Orchestration of Document Understanding Model


I’m using Intelligent Classifier and Form Extractor for document extraction. Without having to publish my project every time I train the classifier and form extractor, how can I store my training data in cloud so that I can test the classification and extraction in a development environment? Moreover, where does the training dataset for Form Extractor was stored?

Hi @azeem_rosli ,

I believe for the Classification part, we do have the Keyword.Json/IntelligentKeyword.Json file created during the Implementation/Configuration of Classifiers.
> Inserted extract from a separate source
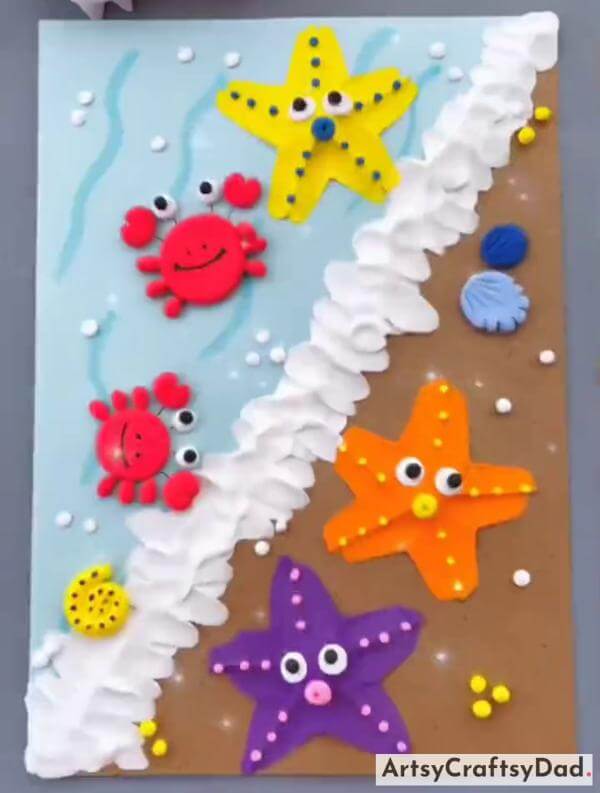 Beautiful Clay Starfish Art Ideas for Project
To be able to use this in a different environment once deployed, you might need to add a Step in the Process to Upload this file into a Storage Bucket in Orchestrator. In this way, Every time the Project/Classifier is being used, an updated version of the file will also exist in the Orchestrator, which you should be able to use in your Other Environment by downloading it.

For the Form Extractor training, there isn’t actually a training happening on it when different documents are being fed. It is simply performing the Extraction based on the earlier rules defined. Also, there aren’t Training files defined or being used for it.
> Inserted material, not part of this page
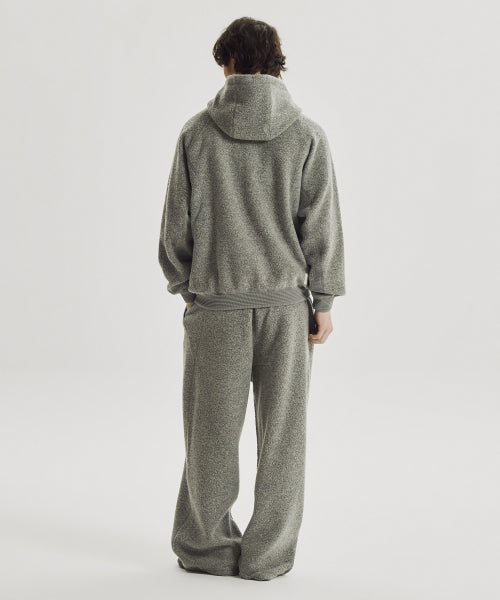FLYING WOOL FLEECE 2WAY WIDE PANTS - 2 COLORS M/GRAY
Hi @supermanPunch, thanks for the reply :slight_smile:

Have you ever use Action Center for training DU? I just wonder, does Document Validation able to train the classifier too? If yes, I would like to know if there’s any limitation on that method.

However, this solution is great. I would like to try it, if I could not train my classifier using Action Center.

Yeah, you’re right about this. I should replace it with ML Extractor.


@azeem_rosli , Yes. We did use for couple of cases the Validation/Classification Station for Manual Classification or Extraction from the user. By using the Action Center also, we are able to train the Classifiers. But the trained info is present only on the Training.json file (if Classifier Trainer Scope is used).

I believe you would need to use the Suggested method for now for using the Latest Training files for Testing in Dev Environment. Although this could be a Feedback to the UiPath DU Team for maybe considering an easier way around this situation if possible.